You know how you're cruising along in your writing, just happy as a clam, when something comes along and shakes you up?  Sometimes you aren't even sure what it is, but you know it's out there, and it won't go away just by your ignoring it.

Then I'm in a cellar groping for the light switch.  I know it's here somewhere, but I just can't find the darn thing.  If I don't find that switch pretty soon, I'll have to leave without my favorite bottle of wine.  Sure, I can live without it, but that would be a tragedy.

Okay, some of you are wondering, What the hell just happened there?

What I did above may have been a bit crude, but I did it to illustrate the jarring shift in mindset when you start down one path, only to be pulled down another by the author.  I see writers using this technique sometimes.  I don't always agree that this is the best method for snapping the audience out of their state of complacency, but it can certainly re-focus them.
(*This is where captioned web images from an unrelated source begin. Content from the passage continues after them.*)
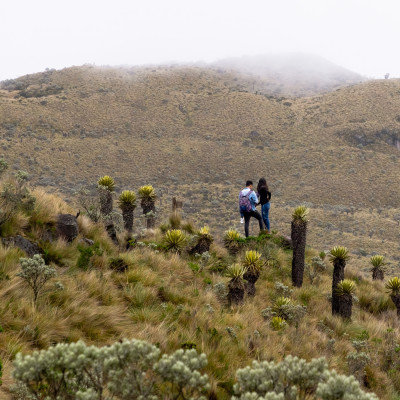 People hiking in Los Nevados National Natural Park, Colombia, South America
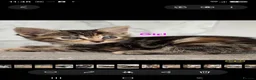 Mixed Breed cats for sale: Beautiful kittens - Advert 24
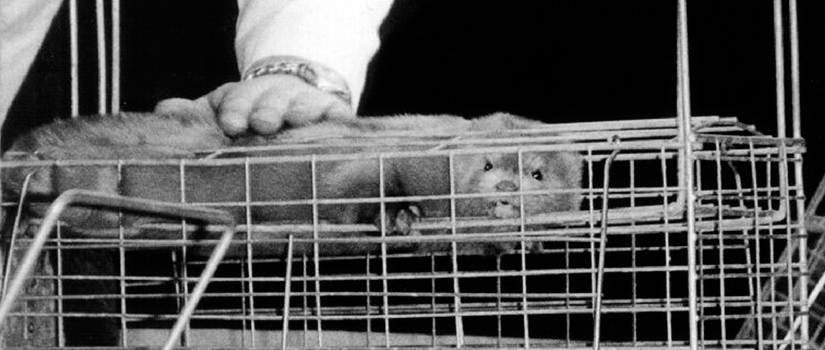 Pelsvurdering av mink. Foto: Jørn Aas/NOAH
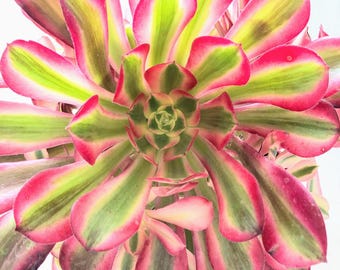 Suculenta Aeonium Medusa Premium / Rosetas variegadas en verde crema y rosa / Suculenta ramificada poco común / Planta de interior y exterior de fácil cuidado, ideal como regalo.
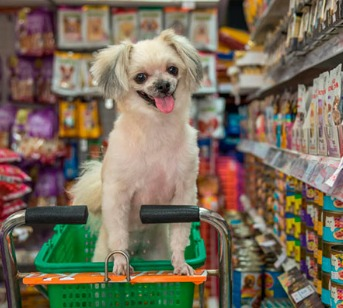 18/08/2023 Atenção aos produtos para pets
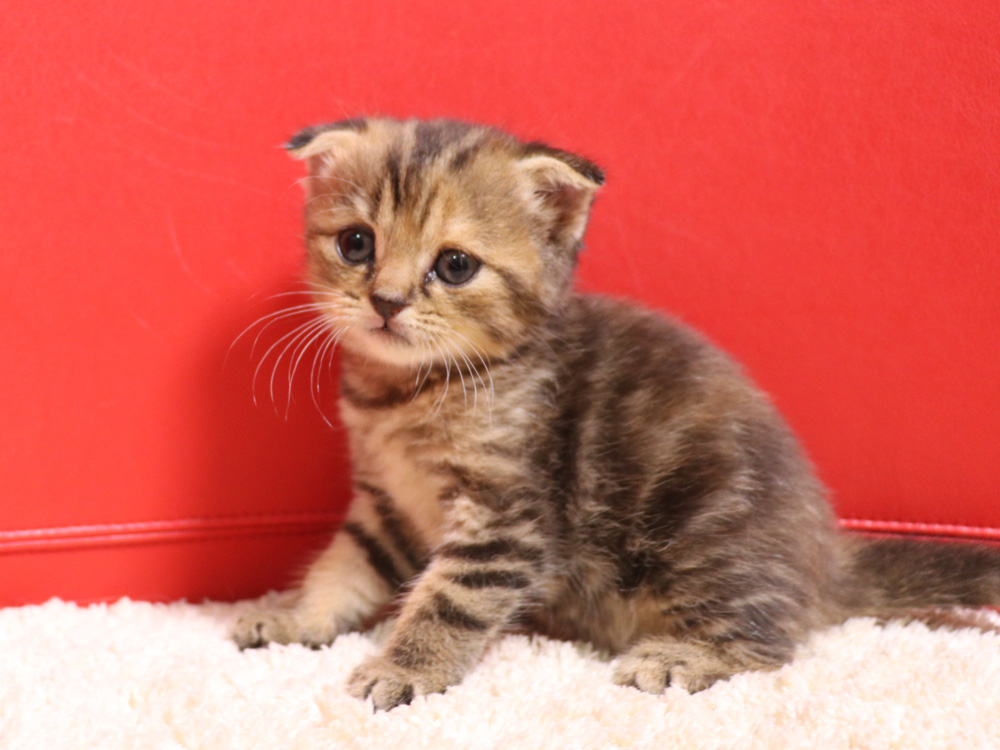 スコティッシュフォールドの子猫画像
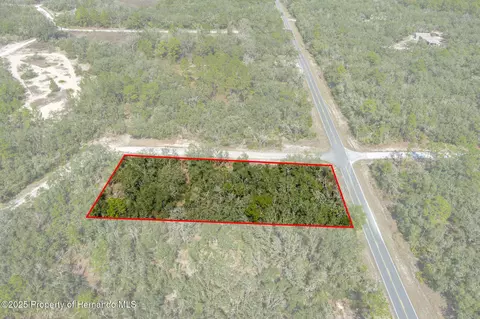 00 Shortstone Dr, Webster, FL 33597 photo 11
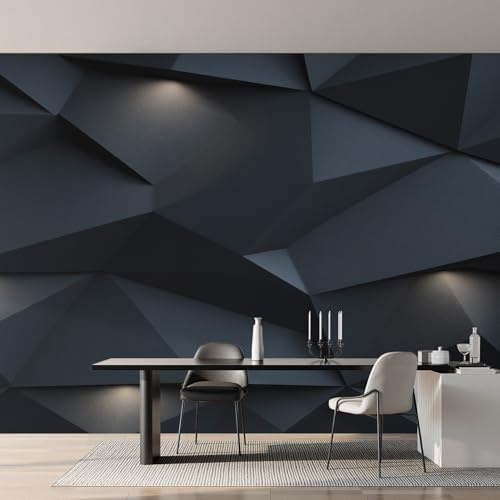 Générique Papier Peint Intissé Géométrique 3D, Papier Peint Panoramique Noir Moderne Simple pour Salon Chambre Bureau Couloir, Décoration Murale, 300 x 250 cm (L x H) Y&W18
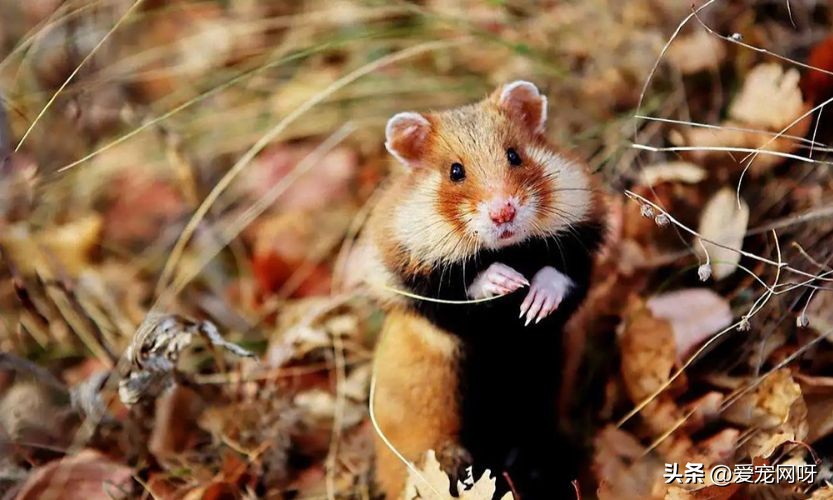 饲养仓鼠对人体有哪些危害,饲养仓鼠一般温度在多少度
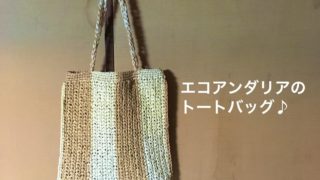 エコアンダリアのかごバッグの作り方 簡単編み方をご紹介 テシゴト部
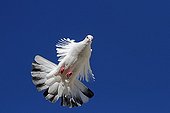 Bizet pigeon in flight against blue sky - France
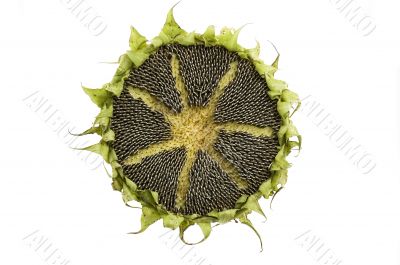 Sun on sunflower isolated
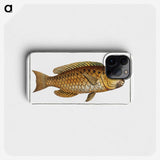 2-29_Ichtyologie-ou-Histoire-naturelle_phone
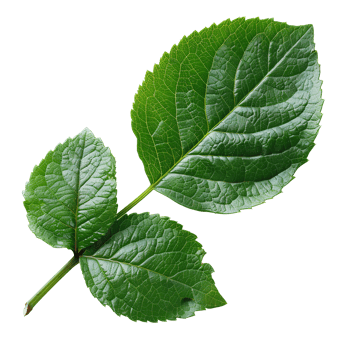 China rose leaf. Green china rose leaf top view isolated. Green leaf flat lay png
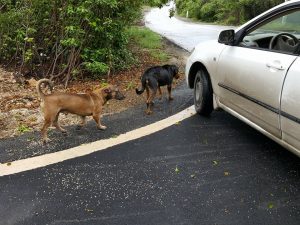 15424414_10209822758980550_234952341_n-1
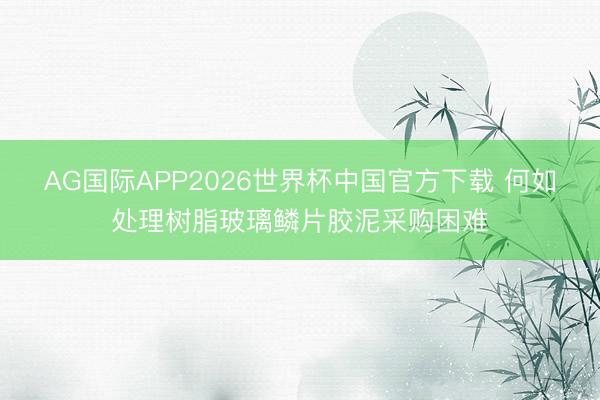 AG国际APP2026世界杯中国官方下载 何如处理树脂玻璃鳞片胶泥采购困难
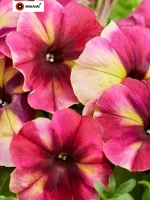 Петуния Шейк F1 Распберри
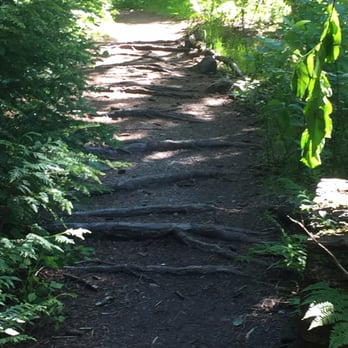 Rainbow-Sproatt-Flank Trail - Scenic, but would be tricky in anything lighter than trail runners. - Hiking Near Me - Whistler, British Columbia Rainbow-Sproatt-Flank Trail - Scenic, but would be tricky in anything lighter than trail runners. - Hiking Near Me - Whistler, British Columbia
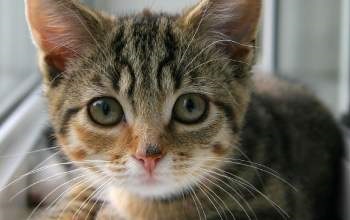 kitten image 2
Harry Turtledove, to me, is one of the masters of this.  I love his books, mostly because he advances the action through character development.  Sometimes, however, he swings between characters and action so much that you get whiplash.  In his Great War series, he often takes the action and pushes it back and forth in ways that keep us guessing.  One moment you're with General Custer and about to make a breakthrough in the trenches in Tennessee, and the next you're out at sea trying to enforce a blockade.  If nothing else, it keeps you as the reader on your toes.
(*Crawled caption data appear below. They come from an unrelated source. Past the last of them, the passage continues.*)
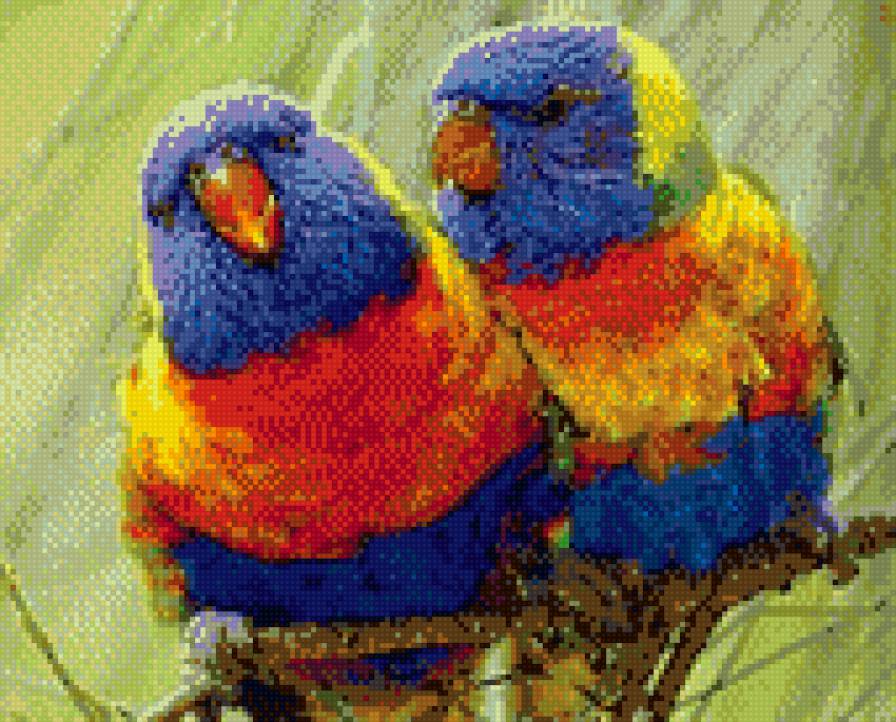 парочка попугайчиков - предпросмотр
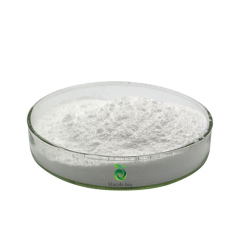 Bulk Supply Good Quality Natural Chitosan Powder Bulk Supply Good Quality Natural Chitosan Powder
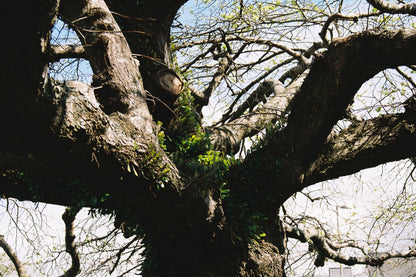 Kodak ULTRAMAX 400 36 EXP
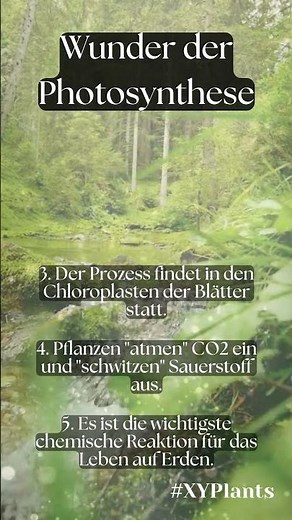 Wunder der Photosynthese einfach erklärt! ✅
Unfortunately, not many are capable of using this technique in the right way, and since there is no one "right" way, what I mean is when the situation dictates.  It's hard to break the audience from its complacency, and an abrupt shift can sometimes do that.  But if it's done improperly - like when your action is rolling towards a climax - it can really piss off your reader.  Folks like a payoff, and if you use an abrupt shift at the wrong time, it's like pulling out early...the satisfaction is never quite the same.

This is where the art of writing comes in rather than the science.  You've got to know your story, as well as your audience.  What will they tolerate?  Can you bring things back under control, or did you just make someone throw the book across the room in disgust?  If you want to get this right, you have to experiment, and you have to hand choose your audience to see if they pick up on it the way you want them to.  Or you could try it after you've established yourself and want to shake things up, but try it at the wrong point and all you'll do is alienate people...and people who you alienate aren't likely to buy your next book.

In other words, be daring...but be carefully daring.